Facing allegations of cocaine dealing that were sure to result in a harsh punishment from the city, Sancho’s Broken Arrow along East Colfax has instead closed after 22 years.
The Grateful Dead-themed bar and music venue was to be the subject of a hearing Thursday morning at which police and city prosecutors would have gone down a list of accusations and made the case that Sancho’s should be closed either temporarily or permanently.
Instead, on Wednesday, the bar’s owners reached an agreement with the Denver City Attorney’s Office and the hearing was canceled. Current and former Sancho’s owners then gathered longtime regulars and Deadheads together for one last party that night.
“Sancho’s has been an institution in Colorado for 22 years and I am very sad to announce that it will not be in that location anymore,” former owner Jay Bianchi wrote on Facebook Wednesday. “It really was the heart of town and the best place to go before and after anything.”
Wednesday’s closure marks the second time this month that a Deadhead venue founded by Bianchi and now co-owned by Tyler Bishop agreed to close due to drug allegations. In mid-October, So Many Roads in the Baker neighborhood reached a settlement that will force it to close during November.

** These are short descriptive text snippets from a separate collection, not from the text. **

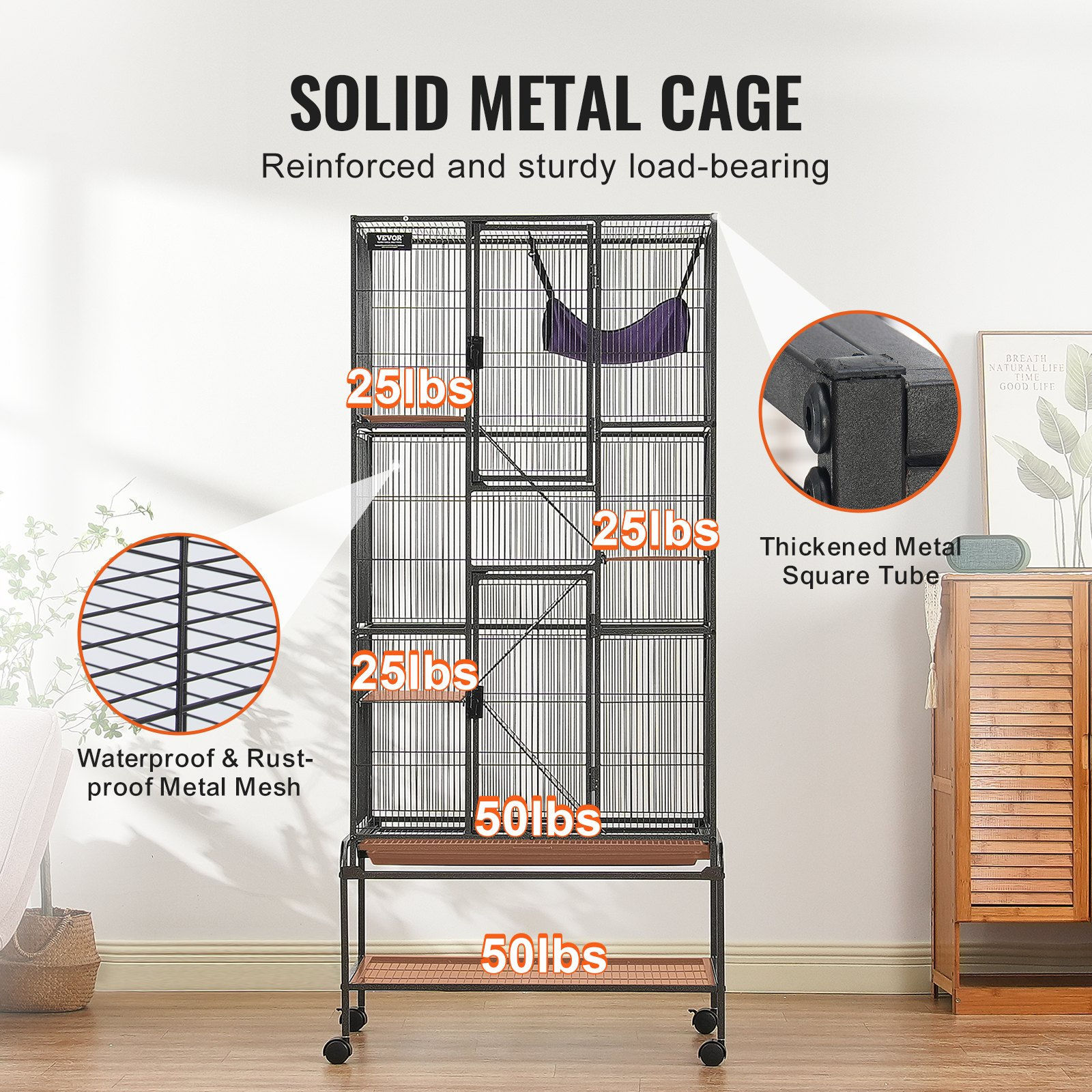 VEVOR 69" Metal Small Animal Cage 4-Tier Rolling Ferret Cage with Tray 3 Ramps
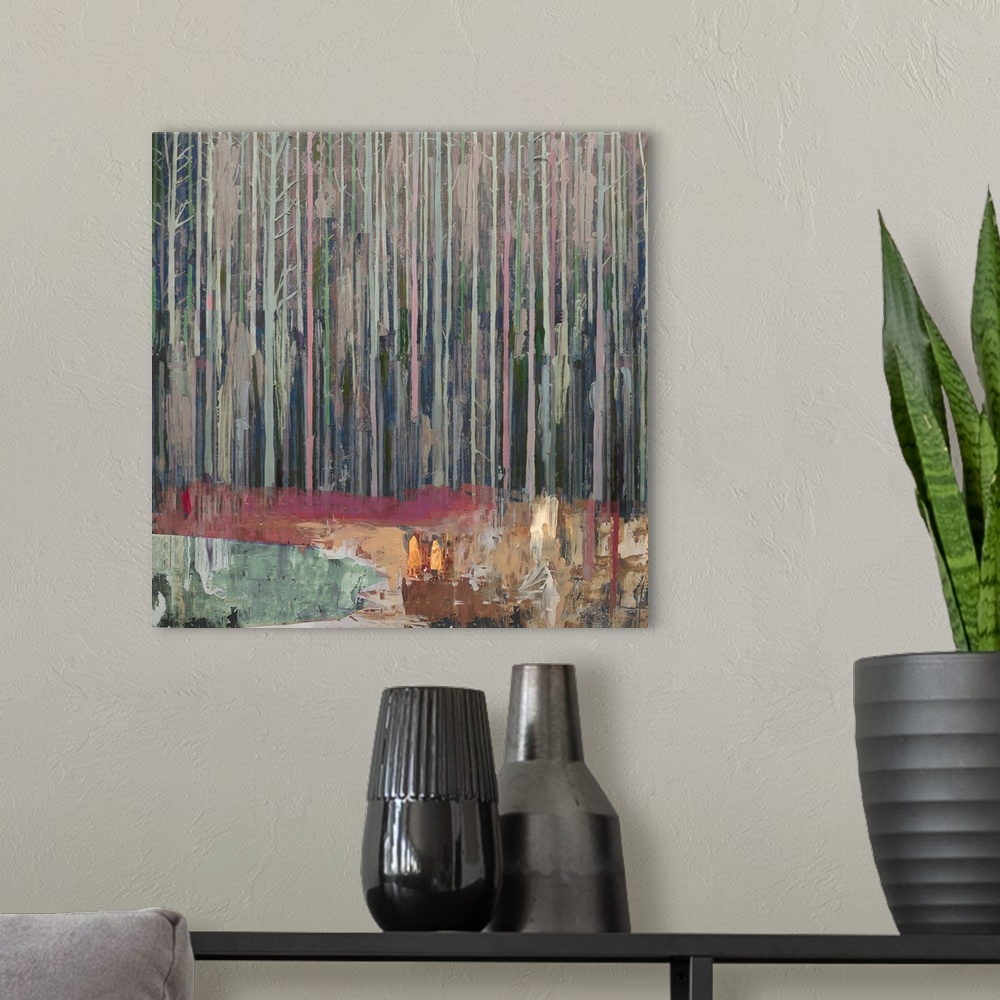 A modern room featuring Forest's Edge, 2017, (Mixed Media on Wood panel)
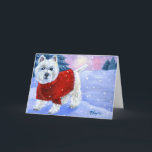 Cartão de Westie do inverno<br><div class="desc">É nevado mas estas montanhas Terrier branco ocidentais pequenas em sua camisola vermelha animador manterão seu coração morno.</div>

Bianchi’s brother, Sancho’s co-founder Phil Bianchi, died in 2017. Jay Bianchi wrote on Facebook that the bar at 741 E. Colfax Ave., hasn’t been the same since then: “Without him there, the place became a cruel mockery of what it had been.”
Skyler McKinley, a spokesman for AAA Colorado, attended the final night and posted a fond remembrance on Twitter: “It’s where I learned to love Grateful Dead music in the way I love it to this day. I will miss Sancho’s, and I’m sorry this era is ending this way.”
The settlement between Bishop and the City Attorney’s Office has not been formally approved by the Denver Department of Excise and Licenses and therefore could not be released publicly, according to a department spokesman.
Meanwhile, the City Attorney’s Office says a public nuisance case against the former Sancho’s property is still pending. The case was opened in August after the city determined the property was used in the commission of crimes, namely drug dealing. A hearing is set for Dec. 6.
Because the case is pending and there is a temporary restraining order in place, any business at 741 E. Colfax must remain closed until the case is resolved, according to Marley Bordovsky, director of prosecution and code enforcement in the City Attorney’s Office.
Since early 2021, Sancho’s employees have been accused by city regulators of dealing cocaine and the psychedelic DMT, manufacturing DMT, allowing drug use at the bar, hiring a cocaine dealer to provide security without a license and serving underage customers.
The most serious allegations concern Steven Ackermann, who worked at Sancho’s and So Many Roads. Ackermann faces felony charges of dealing cocaine to undercover Denver police officers last September and was also the unlicensed security guard at Sancho’s, according to the Department of Excise and Licenses.
So Many Roads reached a settlement with the city this month in which it admitted that Ackermann sold cocaine there and at Sancho’s.